> **Dataset**:
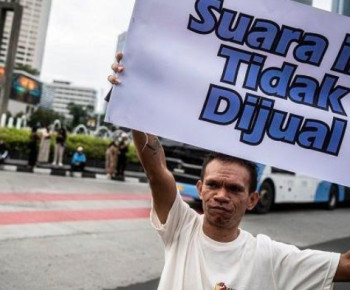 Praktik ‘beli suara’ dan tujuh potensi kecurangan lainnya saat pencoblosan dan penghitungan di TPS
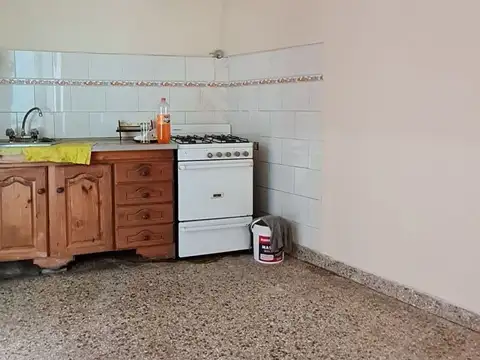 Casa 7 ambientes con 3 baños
---
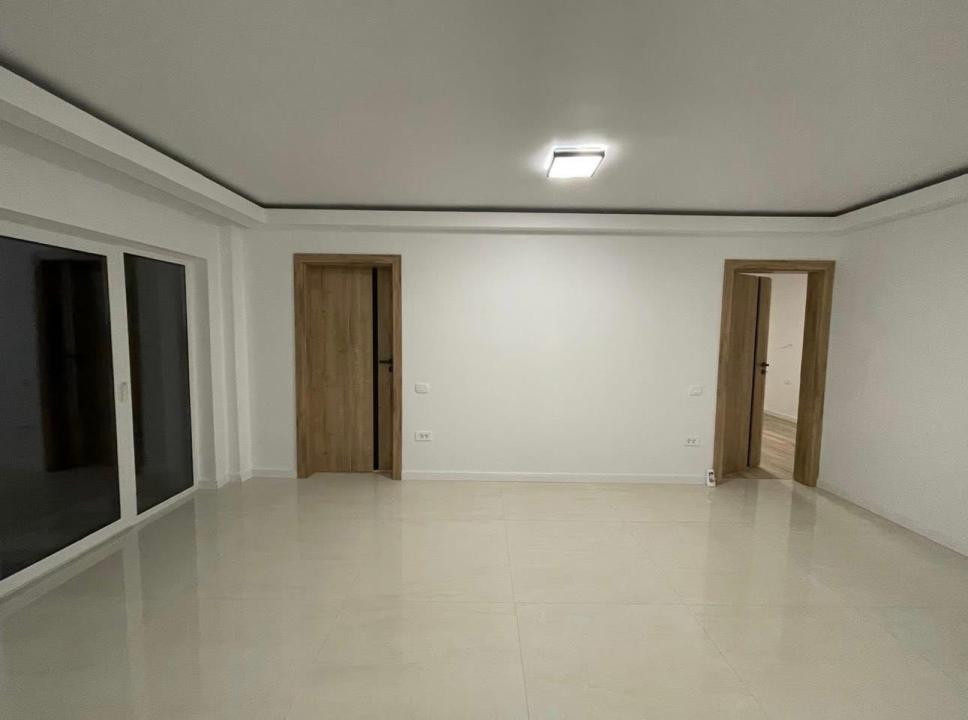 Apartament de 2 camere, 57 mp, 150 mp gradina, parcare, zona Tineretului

> **To do**: With the pictures omitted, print the lines above exactly, beginning at the line with "Praktik ‘beli suara’" and going on through the line with "Casa 7 ambientes con 3 baños".

> **Response to this task**:
 Praktik ‘beli suara’ dan tujuh potensi kecurangan lainnya saat pencoblosan dan penghitungan di TPS
 Casa 7 ambientes con 3 baños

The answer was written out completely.